When I was about seven years old, my parents gifted me the greatest present I’ve ever gotten: a silver Casio personal CD player, complete with a set of earphones and anti-shock technology. As a child of the early 2000s, this was wonderful – iPods hadn’t hit the scene yet and it was as close as I could get at the time. This also meant that I had access to my parents’ massive CD collection, taking random mixes from my dad’s car, or borrowing the new music that my mom had just bought from Best Buy.
I spent quality time with the music that piqued my interest most, developing my personal tastes quite early on. Music didn’t have a face, only a voice – and it spoke to me.
There were many gems that I was lucky to discover in the treasure trove of music available to me, everything from Dave Brubeck, to Michael McDonald, and Michael Franks — oh, and of course, the Beatles. My dad, in particular, exposed me to music that I wasn’t supposed to like at that age. I knew that for a fact. But I didn’t realize I also wasn’t supposed to like that music because I was a black girl.
My acute realization of this fact came when I got to middle school and traded my CD player in for an iPod when I turned 11. After school, friends would peek over at the small screen of my most prized possession and wonder, “What is she listening to?”
Black girls aren’t supposed to like guitars. Black girls aren’t supposed to like music that’s for white people. Black girls don’t listen to bands.

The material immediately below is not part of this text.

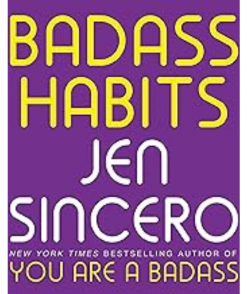 Badass Habits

After these realizations, music became even more personal to me. Of course, I sang along to Top 40 hits by Lady Gaga and Beyonce in the mall with my friends, and fell in love with Drake as he rose up the pop-hop ranks on the radio. But the songs on my iPod – the songs for old people, the songs for white people – I kept those mostly to myself. I reveled in the time I got to spend watching music videos on my shared home laptop and putting on my earphones while nestled in the backseat during long drives.
High school came around, and I was equipped with my own computer and a smartphone, also known as the greatest tools for music discovery ever invented. I searched, I dug for more and I downloaded an embarrassing amount of illegal songs from websites that were likely on the FBI’s radar. Mixed CDs with handwritten tracklists were the best gifts I knew how to give, and were reserved for the people I cared about most. I leaned into finding music that I loved – likely as a means to somehow find myself too. It became a hobby and the thing that made me happiest at the end of another day as a teenage girl.
My first favorite bands were Coldplay, Radiohead and Nirvana. All three of these bands are basic fare to people well-versed in pop culture, but can be life-changing to a young person. I found more bands, posted links to music videos on Tumblr and Facebook and talked about my favorite new songs with anyone who would listen. Sometimes, I was called white-washed, a try-hard and a number of other stupid things I thankfully can’t remember anymore.
Of course, this didn’t happen often; I wasn’t bullied for my music taste. I am not claiming to be the victim of some form of musical racism. But I constantly felt that I was trying to be figured out. The music taste I had developed, coupled with the way I spoke and the types of boys I had crushes on, was cause for confusion. Eventually, I too became confused by myself and wondered why, to most people, my identity didn’t match my tastes.
In the second half of my high school years, I found Vampire Weekend, Tame Impala and Mac DeMarco – a group which I now affectionately refer to as Baby’s First Indie Bands. By this time, I was fully settled into liking “white” music, or whatever else made me stop and listen. If nothing else, I knew what I wanted to hear, which was very important in me becoming fully, outwardly myself.
With the deep-dive into music history during my early college years came an important realization: black people had an instrumental role in the creation of rock and roll. Some of music’s most important figures were black – and had white listeners. Chuck Berry was one of the Beatles’ primary inspirations and Elton John can be considered Little Richard’s closest counterpart. This was powerful knowledge: proof that my love for music with guitars is perhaps natural. Black girls like guitars, and people that look like us play them too.
I embraced my love of music that contrasted with who I was supposed to be in the minds of others and moved forward. Now, house shows in Isla Vista are one of the places I feel most comfortable. Most importantly, I’ve made writing about music of all kinds my focus. Music belongs to everyone, not only in parts deemed to be fit for certain groups.
Whatever makes me feel, whatever I choose to be for me, can be mine. If you limit yourself in consuming any sort of creative expression, based on preconceived notions of who it is created for, it is a blatant disservice to the art and to yourself.